- Native name: 所司和晴
- Born: October 23, 1961 (age 64)
- Hometown: Kōtō

Career
- Achieved professional status: June 27, 1985 (aged 23)
- Badge number: 172
- Rank: 8-dan
- Retired: May 2026 (aged 64)
- Teacher: Hirokichi Hirano (7-dan)
- Career record: 405–585 (.409)
- Notable students: Ayumu Matsuo; Akira Watanabe; Atsushi Miyata; Naohiro Ishida; Kentarō Ishii; Seiya Kondō; Takahiro Ōhashi; Kaori Uekawa; Manaka Inagawa; Mio Watanabe; Maho Isotani;

Websites
- JSA profile page

= Kazuharu Shoshi =

Japanese shogi and xiangqi player (born 1961)
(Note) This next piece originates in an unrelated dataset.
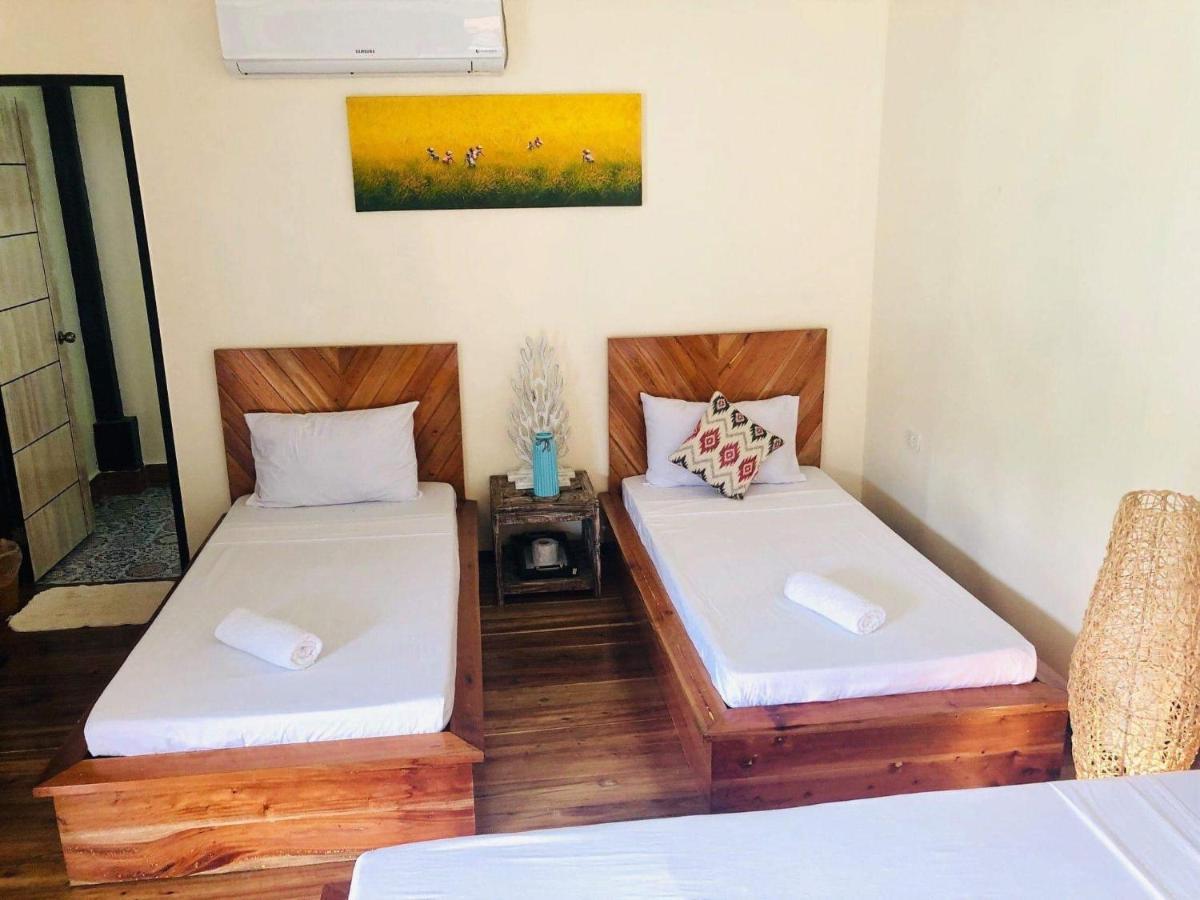 فندق Keira Backpackers إل نيدو المظهر الخارجي الصورة
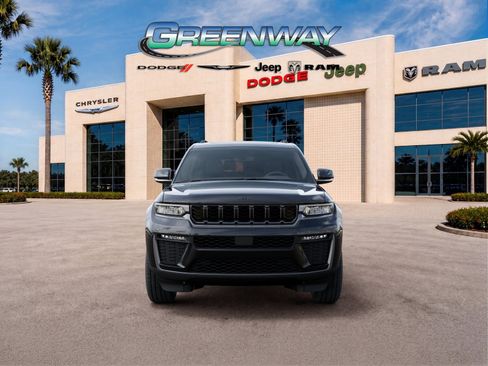 New 2026 Jeep Grand Cherokee L Limited w/ Limited Altitude Package RWD image 6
Kazuharu Shoshi (所司 和晴, Shoshi Kazuharu) is a retired Japanese professional shogi player who achieved the rank of 8-dan.

==Shogi professional==
On April 1, 2026, the announced Shoshi had met the conditions for mandatory retirement for "Free Class" players and his retirement would become official upon completion of his final scheduled game of the 2026–2027 shogi season. Shoshi's retirement became official upon losing to Akira Shima on May 13, 2026, in a 39th Ryūō Group 6 game. He finished his career with a record of 405 wins and 585 losses for a winning percentage of 0.409.

===Promotion history===
The promotion history for Shoshi is as follows:
- 5-kyū: 1978
- 1-dan: 1980
- 4-dan: June 27, 1985
- 5-dan: April 1, 1987
- 6-dan: October 29, 1992
- 7-dan: April 27, 2005
- 8-dan: April 1, 2026
- Retired: May 13, 2026

===Awards and honors===
Shoshi received the Japan Shogi Association's "25 Years Service Award" in 2010 for being an active professional for 25 years.

===Publications===
Shoshi has written several books on shogi, including a standard manual on shogi handicap opening theory.
- Shoshi, Kazuharu (2000). "Koma Ochi Jōseki"

==Xiangqi==
Shoshi also plays xiangqi representing Japan in world tournaments and won the first prize in 1999, 2003, 2007, and 2015 in the non-Chinese/Vietnamese category. He holds the rank of Federation Master.